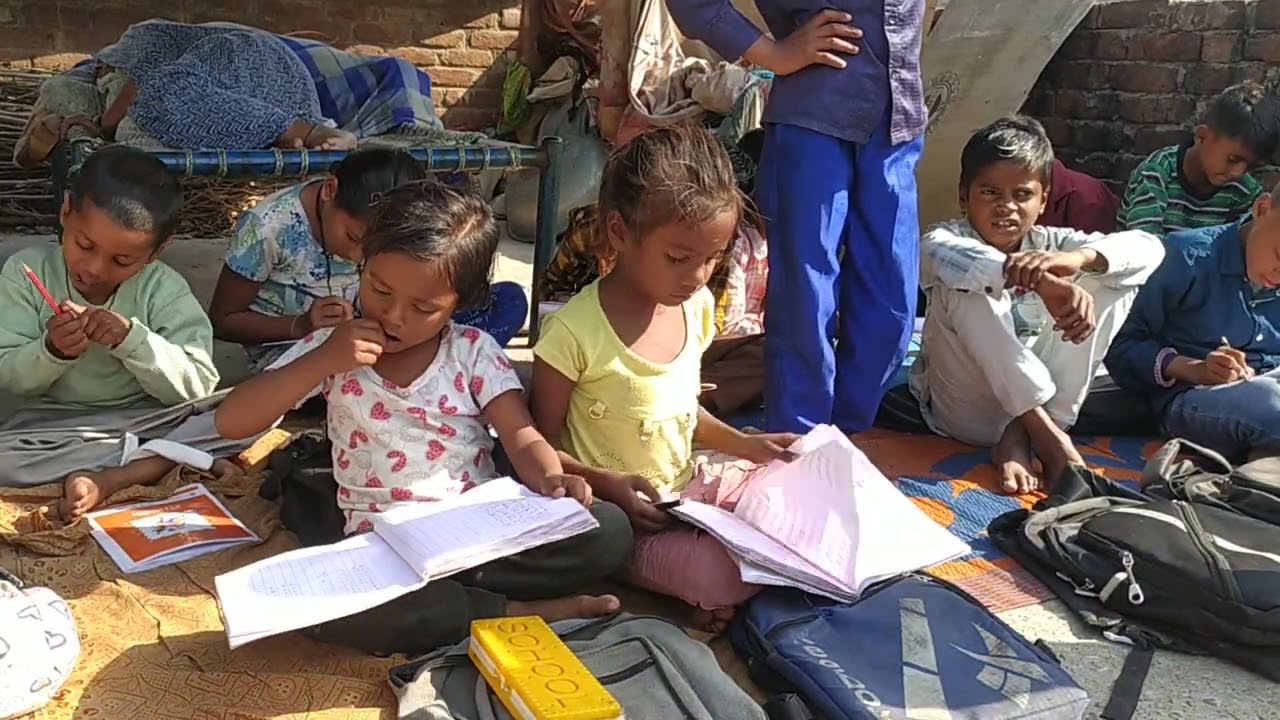 #Chhote #bacchon #ko #padhne #ka #samay #📕#📚#📚 #trending 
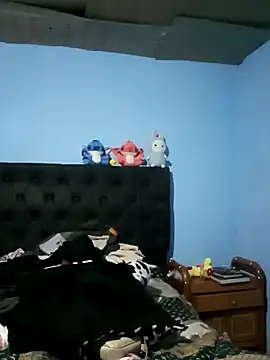 Elvishcassie  online show from 22, 12, 2025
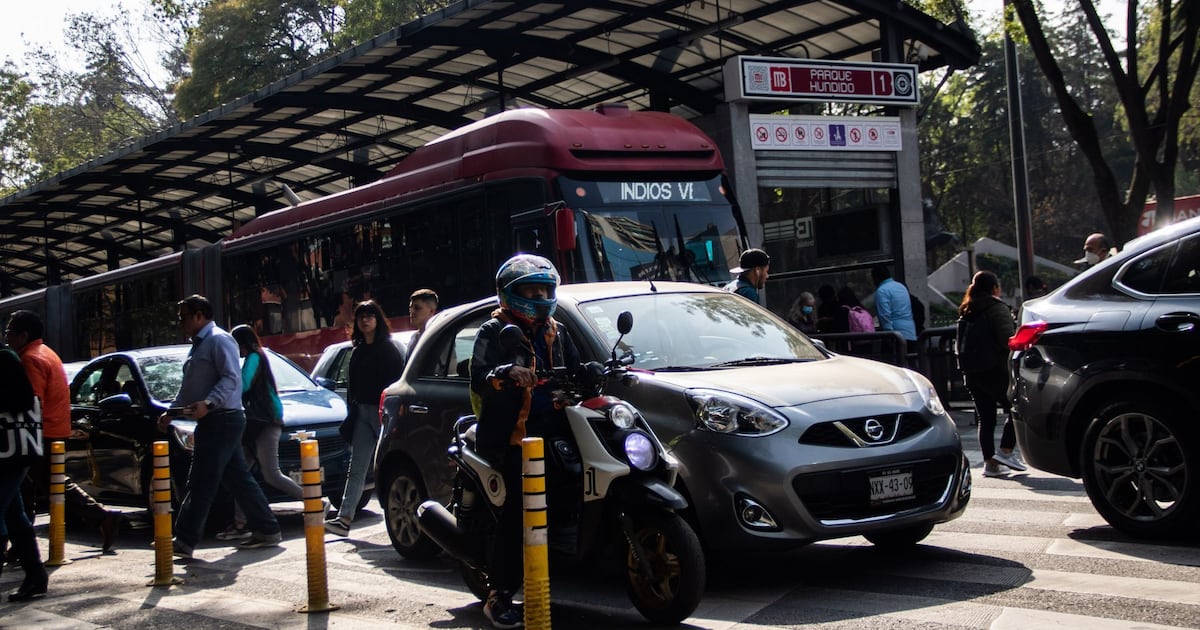 El tráfico castiga más a quienes viajan en transporte público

What you need to do »
Print each line above exactly as it appears, excluding all images.

Solution for this task »
 #Chhote #bacchon #ko #padhne #ka #samay #📕#📚#📚 #trending 
 Elvishcassie  online show from 22, 12, 2025
 El tráfico castiga más a quienes viajan en transporte público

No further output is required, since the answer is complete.